I’m sure you already have some people at your organization who are in your corner, but you should make a concerted effort to develop more of these relationships, especially with anyone you can see has influence over others. Set aside some time out of every workweek for relationship building. Invite people to have coffee, talk to them about their cases, get to know them on a personal level. Consider this one of your formal job duties so it doesn’t get put on the back burner. Once you’ve developed a positive rapport, it will be much easier to ask them for things than it would be if you had never talked to them before.
Ask for input
No one likes to be asked to take on a lot of work without being consulted or involved in the planning process. Anyone who will be heavily involved in your project should have the chance to at least weigh in and share any concerns or challenges they anticipate. You do not have to take all of their feedback or suggestions, and you may wish to make this clear up front, but at least let people feel that you are willing to listen and take their feedback to heart as much as you can.

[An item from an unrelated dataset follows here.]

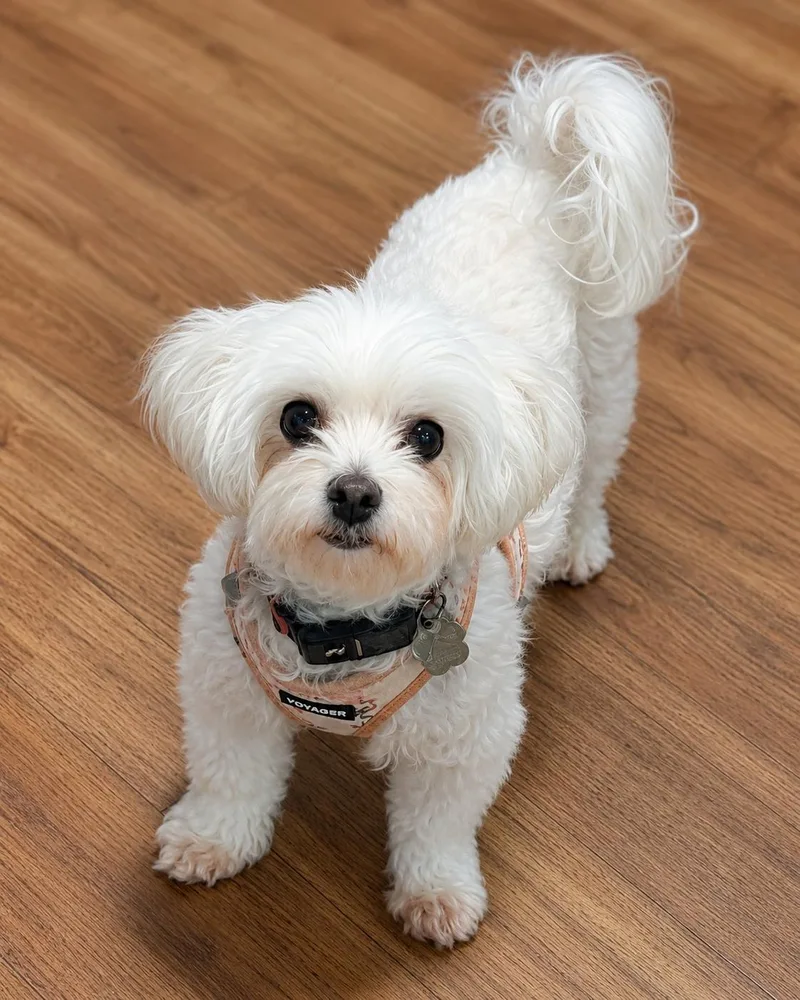 An adult small-sized female Maltipoo dog named Skye for adoption in Godfrey, IL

Understand that not everyone thinks like you
You might not think of yourself as working in sales, but you are a salesperson. You have to sell your ideas to others. In order to do so effectively, you need to understand how to make your message appealing to them. A helpful shortcut to tailoring your message is to learn about different social styles or personality types. Knowing what your style is, and learning the styles of those are you are trying to influence, can be very helpful when making your “pitch” and when thinking through who to ask to do what.
There are numerous theories about personality types, but they all generally group people into one of four categories (you can learn more about social styles here) :
- Driver: Drivers are results-oriented, and respond best to quick decisions and friendly competition. Just tell them what you are aiming for and let them run. Don’t force them to sit through long meetings and hash out small details. These are your go-to people when you need something done fast.
- Expressive: Expressives are social butterflies. They’ll be particularly responsive to the informal networking technique I discussed above. Because they are so outgoing and have big networks themselves, they are great for drumming up enthusiasm or connecting you with others.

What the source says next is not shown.